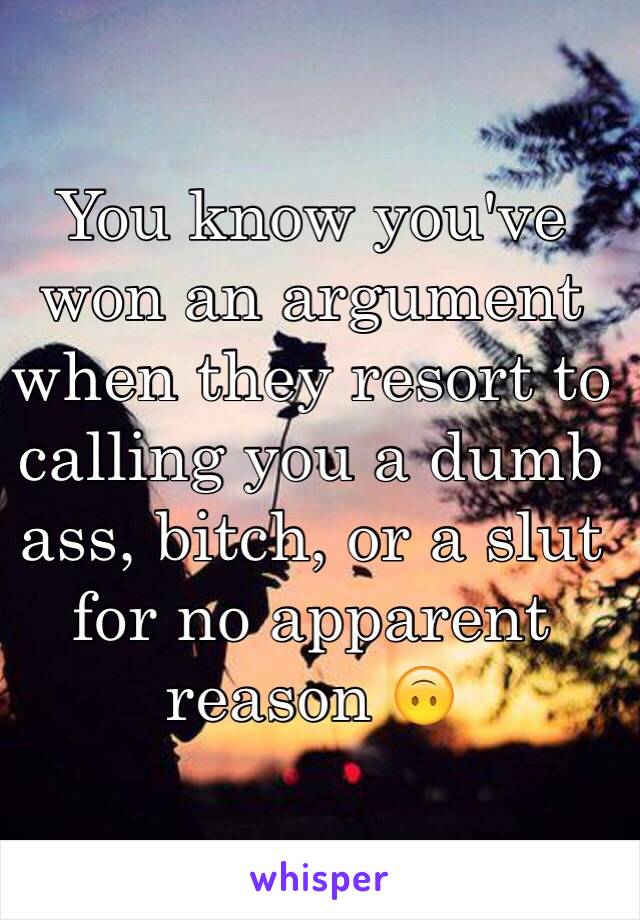 You know you've won an argument when they resort to calling you a dumb ass, bitch, or a slut for no apparent reason 🙃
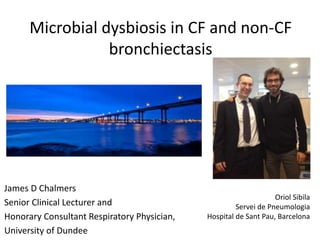 Microbial dysbiosis in CF and non-CF
bronchiectasis
James D Chalmers
Senior Clinical Lecturer and
Honorary Consultant Respiratory Physician,
University of Dundee
Oriol Sibila
Servei de Pneumologia
Hospital de Sant Pau, Barcelona
 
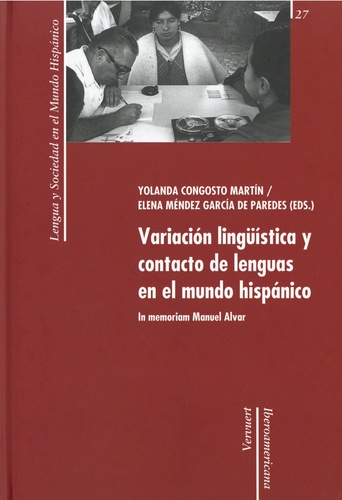 Variacion linguistica y contacto de lenguas en el mundo hispanico. In memorium Manuel Alvar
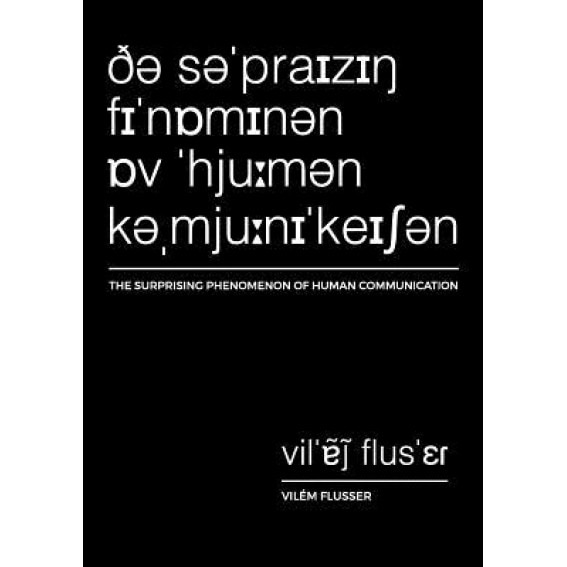 The Surprising Phenomenon of Human Communication, Vilem Flusser (Author)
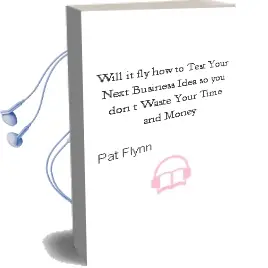 Will it fly?: How to Test Your Next Business Idea so you Don'T Waste Your Time and Money Audiobook download free by Pat Flynn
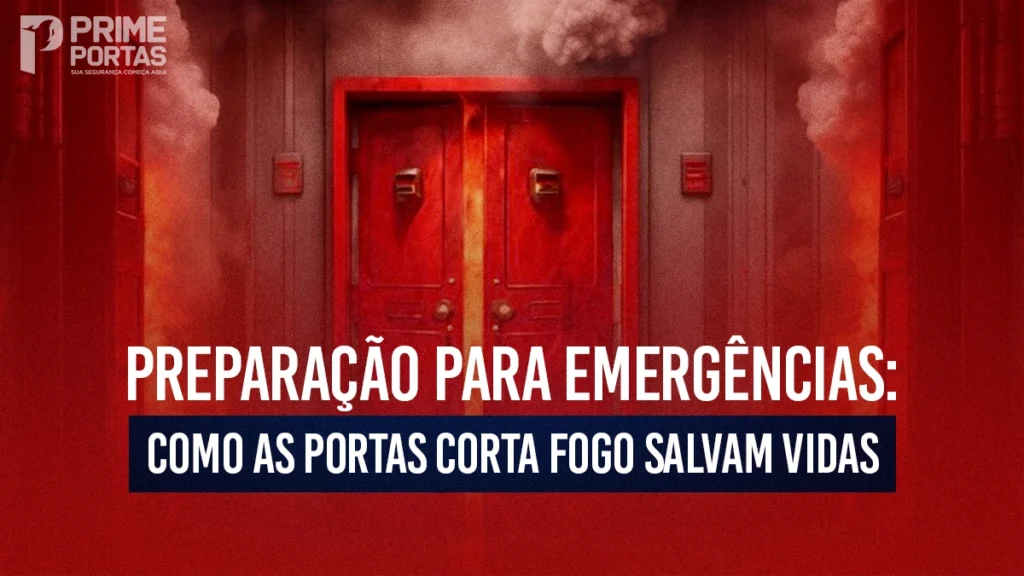 Preparação Para Emergências: Como as Portas Corta-Fogo Salvam Vidas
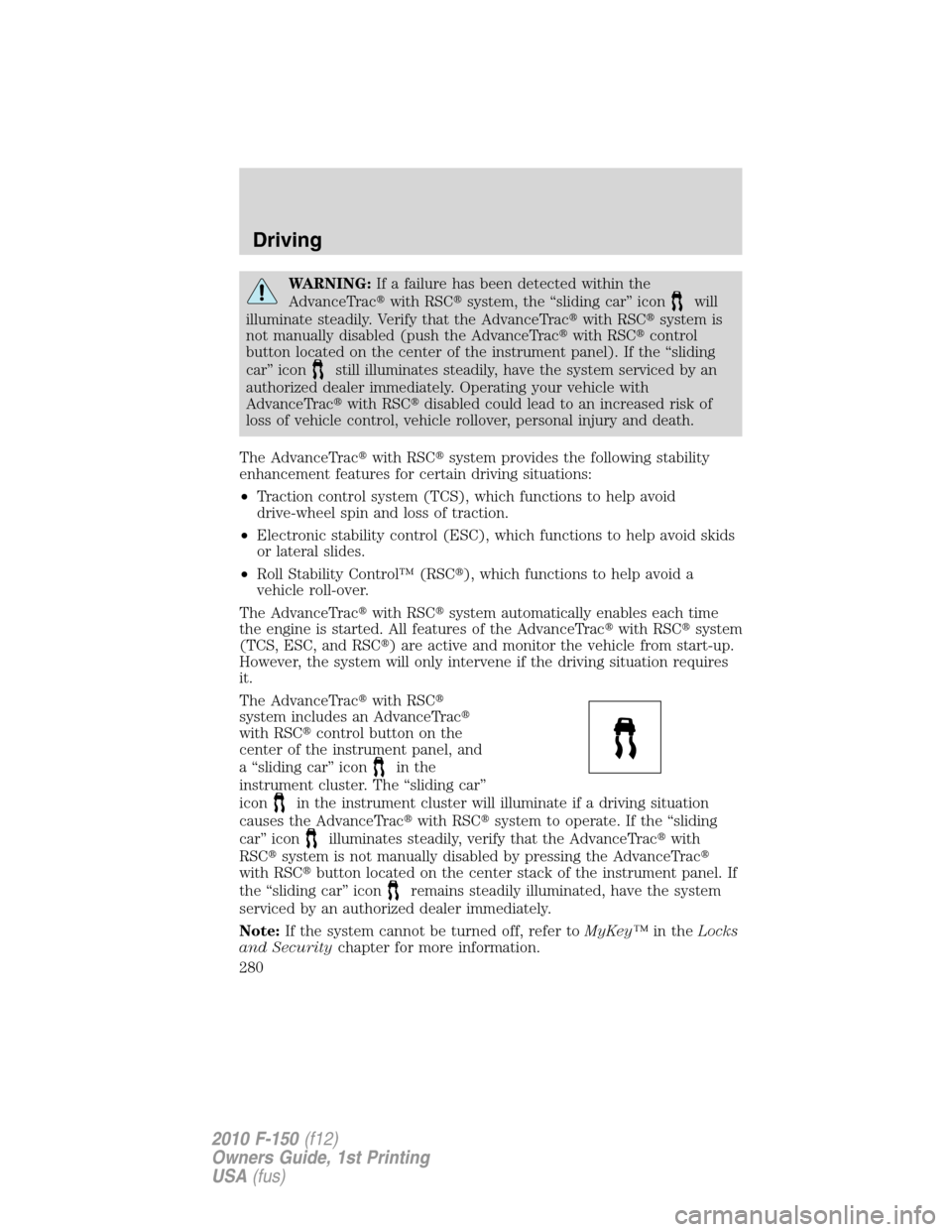 FORD F150 2010 12.G Service Manual WARNING:If a failure has been detected within the
AdvanceTracwith RSCsystem, the “sliding car” icon
will
illuminate steadily. Verify that the AdvanceTracwith RSCsystem is
not manually disabled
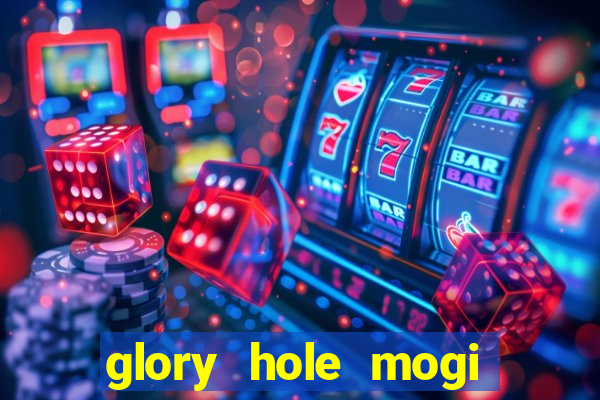 glory hole mogi das cruzes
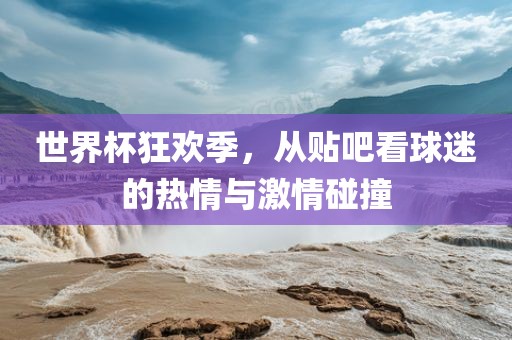 世界杯狂欢季，从贴吧看球迷的热情与激情碰撞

=-=-=

Please print the lines above word for word, starting at the one with "Oriol Sibila" and ending at the one with "The Surprising Phenomenon", both included, and without any picture.

» **Final answer**
Oriol Sibila
Servei de Pneumologia
Hospital de Sant Pau, Barcelona
 
 Variacion linguistica y contacto de lenguas en el mundo hispanico. In memorium Manuel Alvar
 The Surprising Phenomenon of Human Communication, Vilem Flusser (Author)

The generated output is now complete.